* _What to do_: Everything in the listing must be repeated exactly, apart from the images.

* _Data provided_:

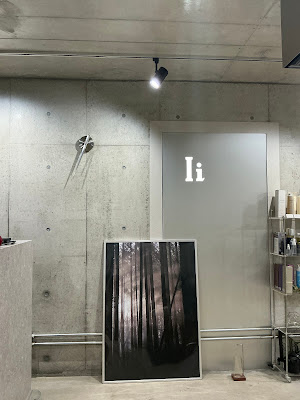 Ii Hair Salon 사진 3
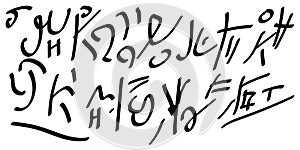 Martian language, incomprehensible text print vector rock graffiti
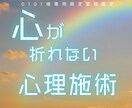 0101様専用｜職場で心が折れない施術します 誰も0101様を傷つけることはできない特別施術を行います。 イメージ1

* _Answer to this problem_:
 Ii Hair Salon 사진 3
 Martian language, incomprehensible text print vector rock graffiti
 0101様専用｜職場で心が折れない施術します 誰も0101様を傷つけることはできない特別施術を行います。 イメージ1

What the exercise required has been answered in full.